The walk, much like this blog, wasn’t yet over. We strolled down garbage scented alleys and back up to the water’s edge, stopping to marvel at the patch of modern buildings, an interesting juxtaposition to the older and more iconic landmarks of the London skyline.  Our feet hurt. We paused to rest in front of the historic Globe theatre. Check! Seen it!
 
 
I secretly delighted that no one wanted to see any ‘Speare in its natural habitat.

Finally, we reached the end of the walk and my husband’s main goal for the day, the Tate Modern Gallery. Located in the South Bank area in what used to be a power station, the Tate appeals to his aesthetic. He’s really into old power stations and modern art. It was perfect for him.
If you want to experience a modern art gallery to its fullest, I recommend taking two teenage girls who have been walking all day.
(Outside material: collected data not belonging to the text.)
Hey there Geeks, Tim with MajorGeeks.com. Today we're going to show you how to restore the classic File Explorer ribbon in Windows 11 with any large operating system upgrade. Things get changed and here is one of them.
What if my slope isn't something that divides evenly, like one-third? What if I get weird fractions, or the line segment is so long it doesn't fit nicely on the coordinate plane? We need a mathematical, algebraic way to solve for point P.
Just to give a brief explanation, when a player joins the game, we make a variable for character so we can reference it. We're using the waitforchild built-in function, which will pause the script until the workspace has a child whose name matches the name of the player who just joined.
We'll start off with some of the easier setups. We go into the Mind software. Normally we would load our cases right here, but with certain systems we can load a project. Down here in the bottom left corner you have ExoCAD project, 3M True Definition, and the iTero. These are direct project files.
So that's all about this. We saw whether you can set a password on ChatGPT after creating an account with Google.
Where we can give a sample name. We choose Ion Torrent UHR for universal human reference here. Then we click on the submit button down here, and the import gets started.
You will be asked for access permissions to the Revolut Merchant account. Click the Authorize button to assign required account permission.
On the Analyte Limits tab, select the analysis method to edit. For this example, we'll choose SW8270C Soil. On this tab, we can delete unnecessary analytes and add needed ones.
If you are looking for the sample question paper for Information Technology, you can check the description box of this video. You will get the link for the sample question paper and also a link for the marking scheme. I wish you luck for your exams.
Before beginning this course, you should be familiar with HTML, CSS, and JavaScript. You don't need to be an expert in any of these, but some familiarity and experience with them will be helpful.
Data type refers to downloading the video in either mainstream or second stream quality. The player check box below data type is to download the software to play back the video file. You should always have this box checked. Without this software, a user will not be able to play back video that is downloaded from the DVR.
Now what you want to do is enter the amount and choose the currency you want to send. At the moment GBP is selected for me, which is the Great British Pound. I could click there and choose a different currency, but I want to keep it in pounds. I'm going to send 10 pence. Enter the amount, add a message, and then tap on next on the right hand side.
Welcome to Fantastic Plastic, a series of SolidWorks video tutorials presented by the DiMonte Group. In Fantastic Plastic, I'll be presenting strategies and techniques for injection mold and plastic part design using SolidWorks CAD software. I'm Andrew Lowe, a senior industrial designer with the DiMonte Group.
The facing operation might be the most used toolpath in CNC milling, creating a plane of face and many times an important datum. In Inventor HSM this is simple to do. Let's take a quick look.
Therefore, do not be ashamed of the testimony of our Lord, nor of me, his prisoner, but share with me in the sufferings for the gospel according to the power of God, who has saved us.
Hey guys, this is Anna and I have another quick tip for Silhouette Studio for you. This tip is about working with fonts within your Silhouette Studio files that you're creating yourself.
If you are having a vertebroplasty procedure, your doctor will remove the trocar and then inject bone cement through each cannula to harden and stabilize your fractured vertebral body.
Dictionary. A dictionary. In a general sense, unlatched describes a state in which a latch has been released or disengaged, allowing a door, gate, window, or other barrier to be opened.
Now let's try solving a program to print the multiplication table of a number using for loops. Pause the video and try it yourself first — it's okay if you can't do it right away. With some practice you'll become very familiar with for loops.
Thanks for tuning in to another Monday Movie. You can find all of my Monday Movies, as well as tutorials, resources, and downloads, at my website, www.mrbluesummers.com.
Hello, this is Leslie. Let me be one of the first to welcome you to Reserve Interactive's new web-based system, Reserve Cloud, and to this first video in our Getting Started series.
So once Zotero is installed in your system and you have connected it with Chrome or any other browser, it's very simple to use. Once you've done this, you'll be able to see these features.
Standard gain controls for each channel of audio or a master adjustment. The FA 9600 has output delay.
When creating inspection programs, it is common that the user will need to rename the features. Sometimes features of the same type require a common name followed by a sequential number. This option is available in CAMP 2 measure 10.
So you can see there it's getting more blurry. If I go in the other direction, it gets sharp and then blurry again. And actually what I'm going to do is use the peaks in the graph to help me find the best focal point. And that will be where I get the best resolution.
It’s good to know that my daughters are not into neither power stations nor modern art. We made the best of it, which isn’t true. What we made is fun, fun of all of it. Of the hexagon paper cutouts taped to the wall, the weird ropey dreadlock thing hanging from the ceiling, of the endless nipples and penises and vaginas and different combinations thereof. Most artworks elicited one of two responses from my girls: “I made that in preschool” or “How many more naked people do we have to look at?” It was, in a word, delightful. 

My husband opted to appreciate the art on his own. My children found every available seat and took selfies of their pissy faces or pictures of detritus on the floor. Art, they said.
 
I want to thank the person who created that walk for the Lonely Planet guide. Anyone who thinks one day should be spent going from early English monarchy to awesome food under a bridge to modern art in a power house has a real spirit of adventure.

It was another perfect day in London.